Massachusetts Tort Roundup

There are two Massachusetts personal injury cases to report on this week. One case, Soderberg v. Concorde Greene Condominium Association, modifies Massachusetts law in slip-and-fall cases, making the law less hostile to plaintiffs. The other case, Lev v. Beverly Enterprises-Massachusetts, Inc., has yet to be decided by the Massachusetts Supreme Judicial Court, but may allow corporations to be held liable for injuries to third-parties resulting from alcohol served at company parties.

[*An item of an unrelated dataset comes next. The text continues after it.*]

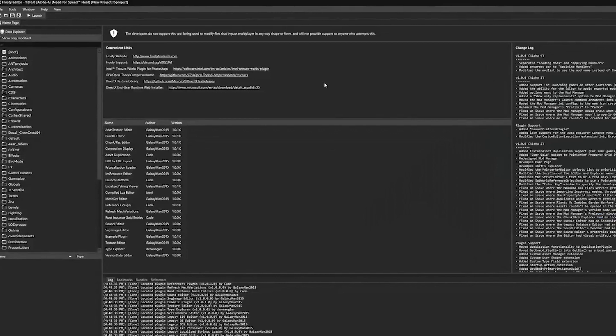This can be done with any .gin and .tmx file. So for a sample project, we are going to be using the Cobalt sound from Most Wanted 05 and putting it on the Pool Star in Need for Speed Heat. This can be done for 2015, payback, and heat, of course.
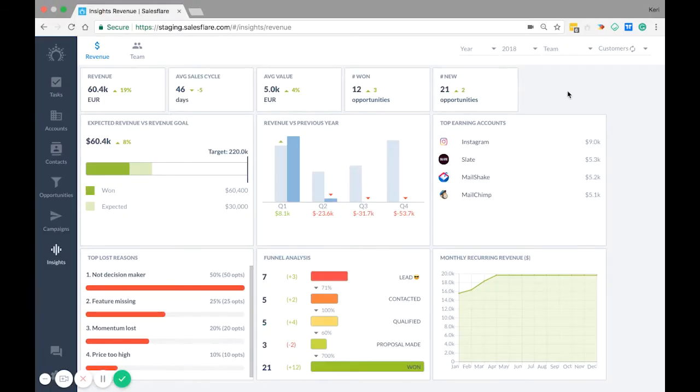Hey everyone, it's Carrie from SalesFlare and today I'm going to teach you how the insights dashboard works.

In Soderberg, the plaintiff, an elderly woman, fell and broke her hip when she slipped on some ice on her way to her condo complex’s parking lot. Very often, such slip-and-fall cases are barred by the Massachusetts “natural accumulation,” rule that says that snow and ice that property owners should not be held liable for snow and ice that has accumulated naturally, only for snow and ice that they have altered in some way (this rule is currently under review in a separate pending appeal).
However, in Soderberg, the natural accumulation rule did not apply because the accumulation of snow and ice in the parking lot was not “natural.”
The trial judge instructed the jury that, if they found the natural accumulation rule did not bar the plaintiff’s recovery, they should go on to consider a separate question: whether the snow and ice was an “open and obvious danger,” that is to say, a condition that was so obviously dangerous that any passerby should have taken pains to avoid it.
On the basis of those instructions from the judge, the jury found against the elderly woman. However, the Massachusetts Appeals Court overturned this verdict, saying that it was error for the jury to consider whether the snow and ice constituted an open and obvious danger. The Appeals Court essentially said that, if the jury concluded that the snow and ice were not the result of natural accumulation, they should not go on to consider whether it was an open and obvious danger. The fact that the accumulation was unnatural and the landlord failed to meet his duty to remedy the condition was all the plaintiff needed to prove. (The Appeals Court indicated that it might reach a different conclusion in cases where the snow and ice did not lie in a well-traveled path).
The Soderberg case can be regarded as a helpful one for plaintiff’s-side personal injury lawyers in Massachusetts.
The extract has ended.